Available data:
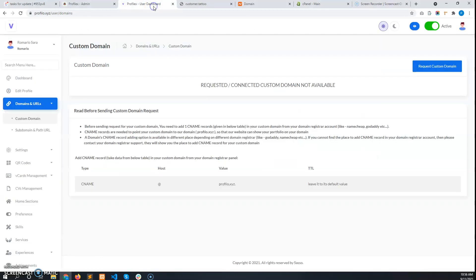In this video I'll show how to request a custom domain, how users will request a custom domain, and how you can connect a custom domain with your server. So let's begin.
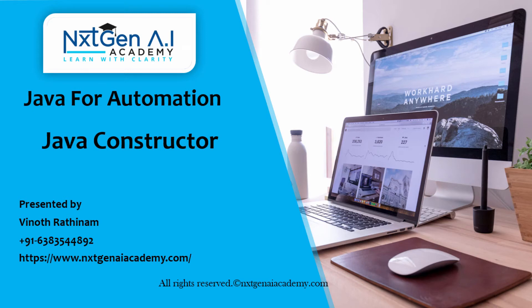Hello everyone, welcome to Next Gen AI Academy. In this video we are going to learn about Java Constructor.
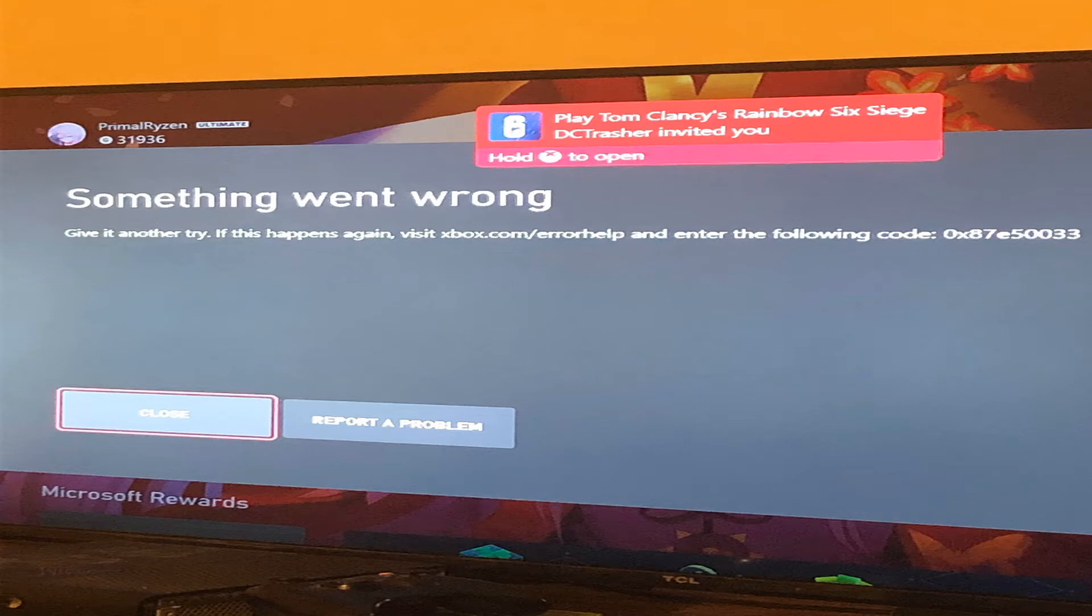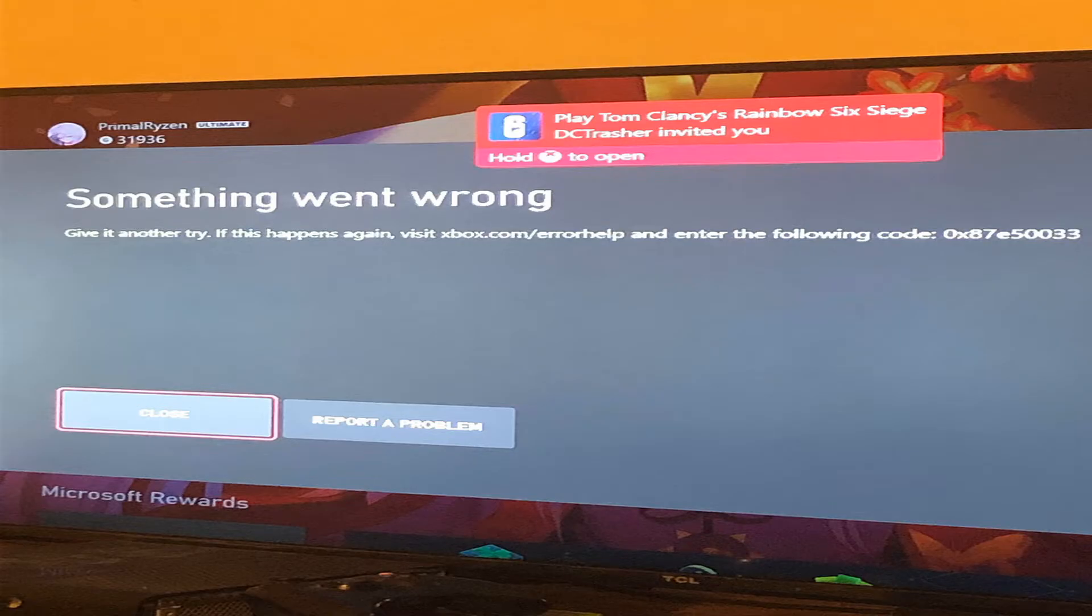The occurrence of Xbox Error Code 0x87E50033 is very common, and users can see this error code on their screens from time to time. By using this guide, you can easily rectify the error code. So, let's do it!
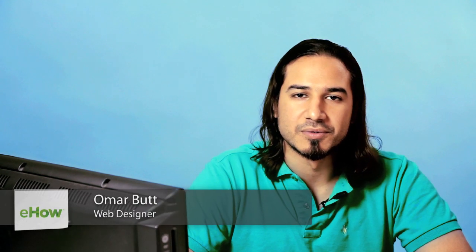Hi, I'm Omar and I'm a programmer. Today I want to show you how to make a div container expand using style sheets in HTML.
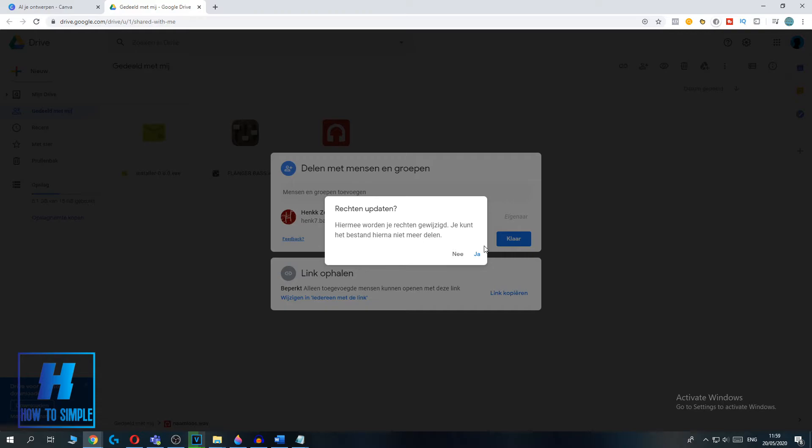And as you can see, it asks you for an update because after this you can't see the file. So hit yes. And now it says you don't have access anymore. So this is what you want.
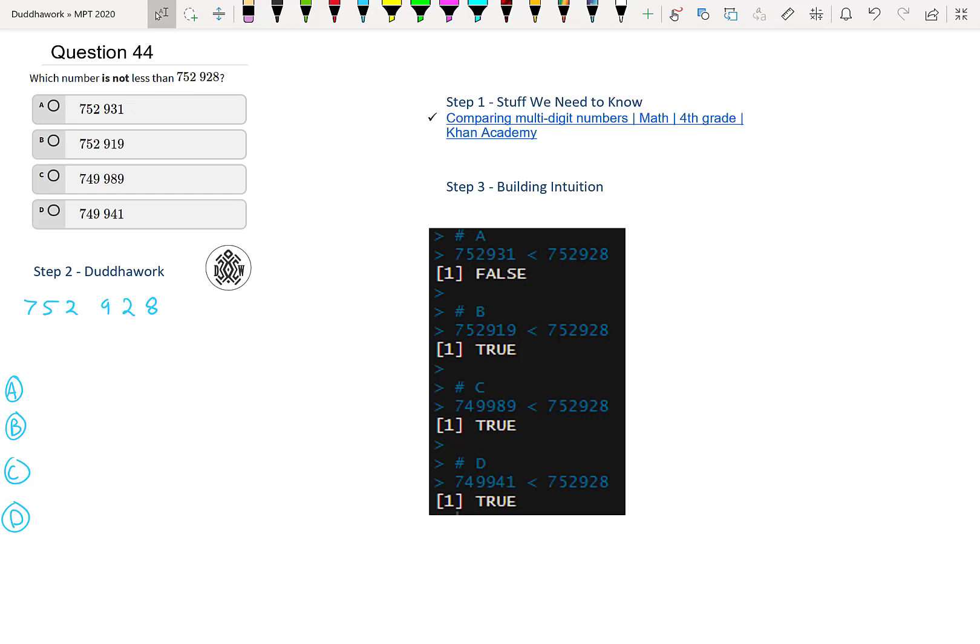Hello everyone. Welcome to another episode of Do the Work, where we're going to cover question 44 of the math proficiency test for teachers in Ontario.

What you are asked to do: The lines from the one with "And as you can" to the end of the data above should be retyped exactly, both ends included, and pictures are to be left out.

Finished task:
And as you can see, it asks you for an update because after this you can't see the file. So hit yes. And now it says you don't have access anymore. So this is what you want.
Hello everyone. Welcome to another episode of Do the Work, where we're going to cover question 44 of the math proficiency test for teachers in Ontario.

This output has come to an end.